Are You Your Own Worst Enemy?

May 21, 2015

 

In a recent article in the Wall Street Journal, author Liam Pleven addressed research studies that offer new evidence that investors are often their own worst enemy.

 

The three behaviors studied were (1) making off-the-cuff decisions, (2) being prone to biases, and (3) being swayed by market moves.  Those all sound like common place occurrences, and investors are guilty of all three.

 

One of the new studies found that both individual investors and mutual fund managers are more likely to sell stocks that are either the biggest winners or losers in their portfolio.
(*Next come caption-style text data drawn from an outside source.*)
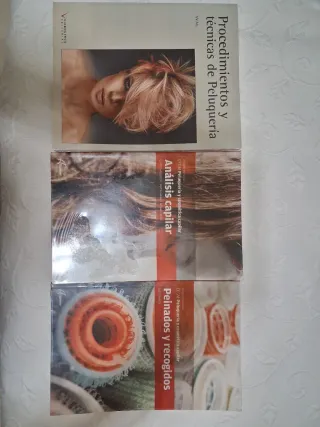 Libros de peluqueria de Grado Medio y superior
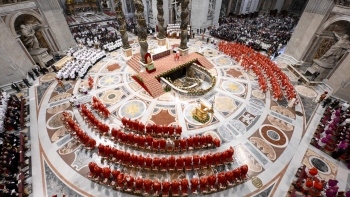 Imagem de Conclave para eleger novo Papa começa hoje à tarde (áudio)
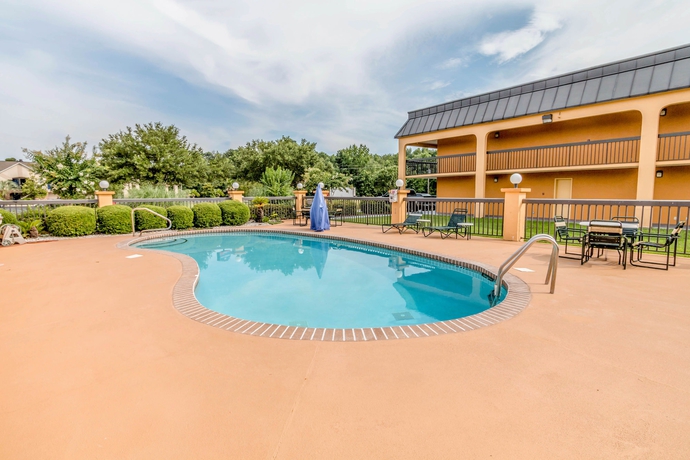 Imagen de la piscina del Hotel Quality Inn Savannah I-95. Foto 10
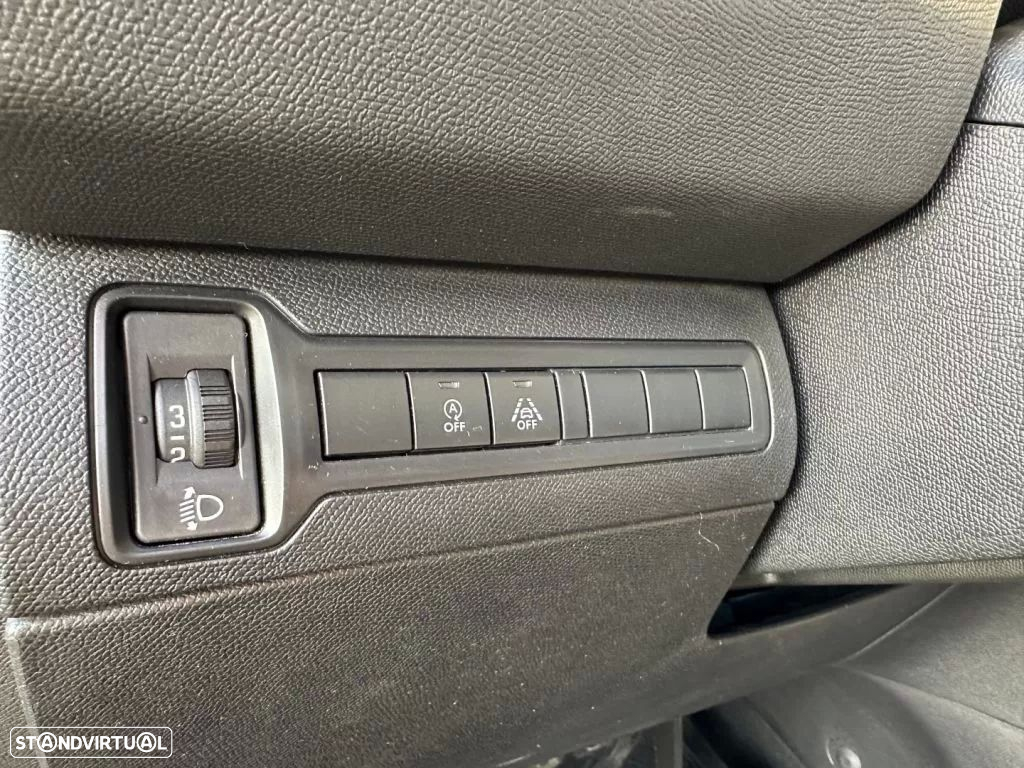Peugeot 308 SW - 11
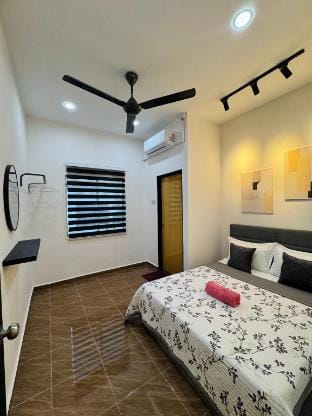 VILLA ZAHRAH HOMESTAY (MUSLIM ONLY) @ Taiping Vacation rental in Perak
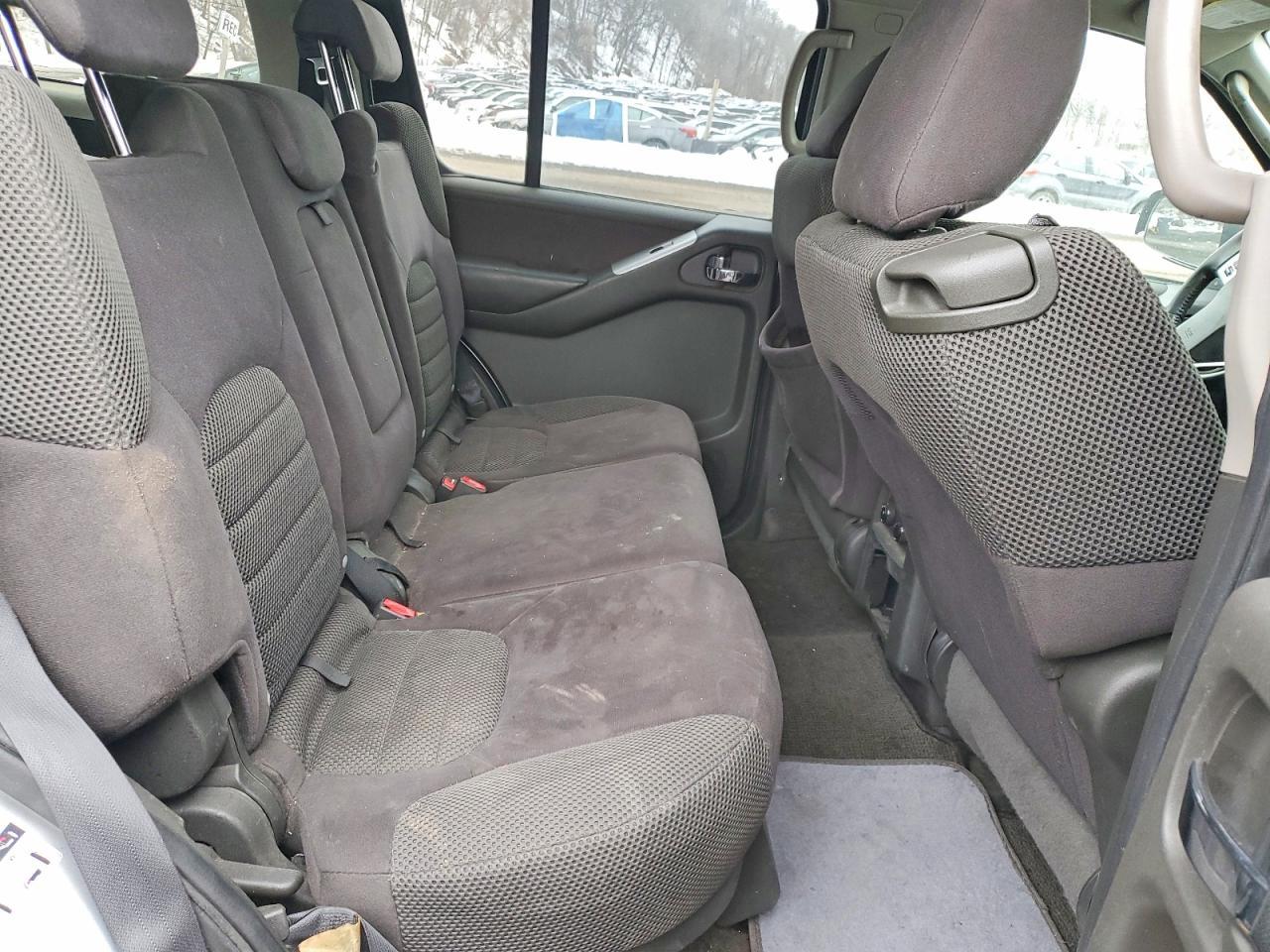 2010 NISSAN PATHFINDER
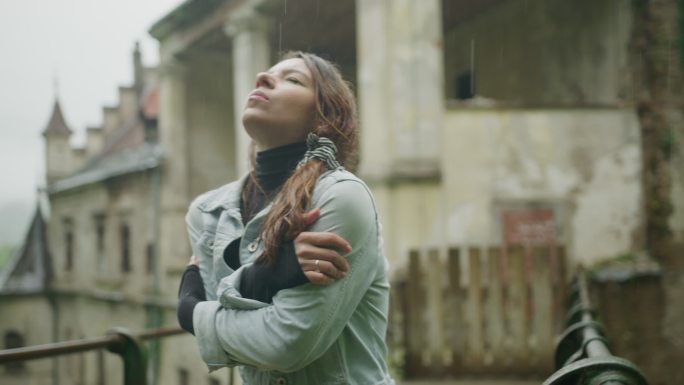 年轻女子在雨中瑟瑟发抖，感到寒冷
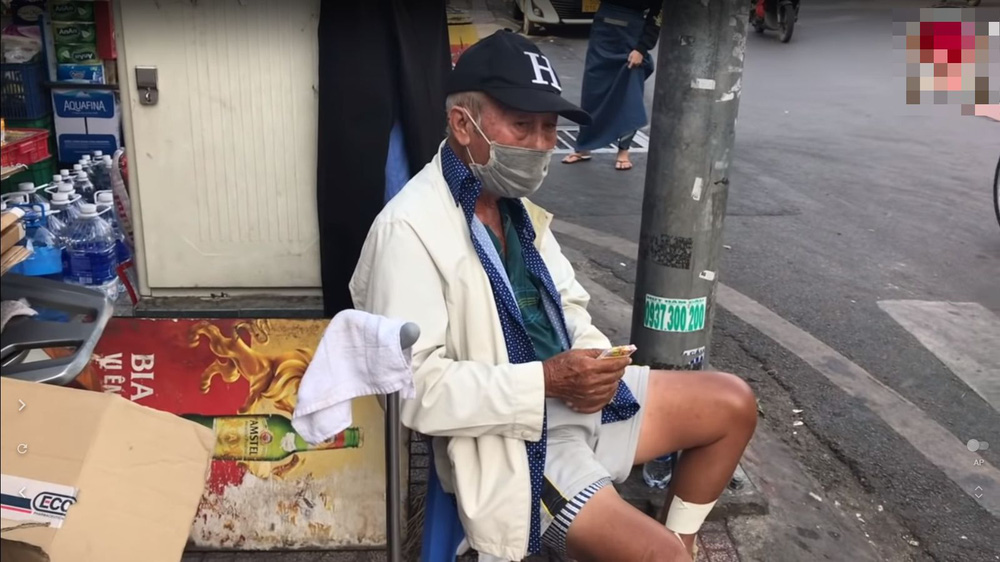 Phó giám đốc vì sa lưới tình mà tán gia bại sản, tuổi già cô quạnh bán vé số nuôi thân-2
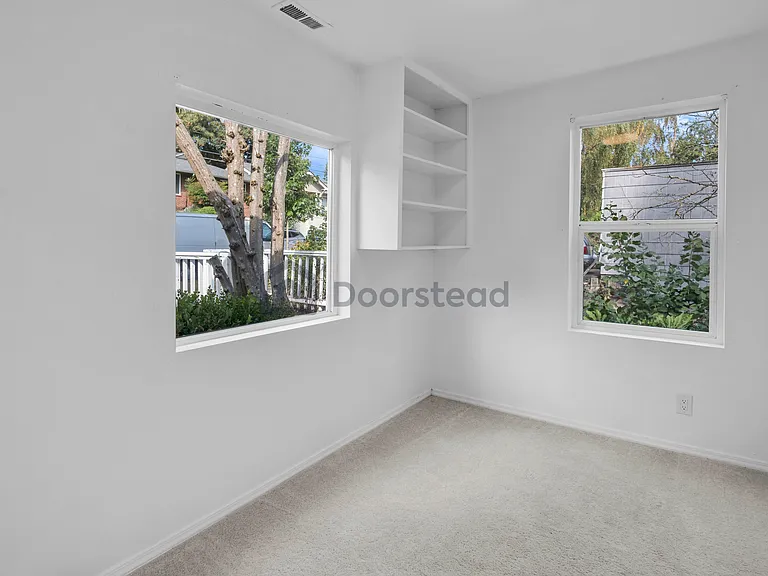 5536 38th Ave NE — Photo 19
The author of this study, Samuel Hartzmark of the University of Chicago dubs the phenomenon the "rank effect". Amazingly, he found the rank effect shows up in tax deferred accounts, suggesting that the sales of an investor's biggest losers can't be attributed to realizing losses for tax purposes.

 

The research indicates the rank effect is often used as a quick and dirty way of deciding what stocks to sell.  Hartzmark concludes that knowledge of this effect might make it easier to overcome.

 

Another study found that investors put less money into mutual funds managed by people with "foreign sounding names" than in similar funds run by those with more American sounding names.

 

The same researchers also found that investors, when presented with a choice of investing in a mutual fund tracking the S&P 500 index, invested more with an American sounding name as the manager, even when the costs were higher!  One of the co-authors, Alexandra Niessen-Ruenzi, a finance professor at the  University of Mannheim in Germany suggested, "a rational investor should always pick the cheapest fund".

 

The third study found that investors put more money into mutual funds where the share price of the parent fund company was outperforming. Fortunately some of the biggest and best mutual fund companies are not publicly traded, including Vanguard, Fidelity and Dimensional Fund Advisors.

 

Benjamin Graham in his classic book, "The Intelligent Investor" stated, "We have seen much more money made and kept by ordinary people who were well suited for the investment process than those who lacked this quality, even though they had an extensive knowledge of finance, accounting, and stock-market lore".

 

So, it seems some soul searching is in order for investors.  A low cost broadly diversified portfolio with occasional rebalancing is likely the answer.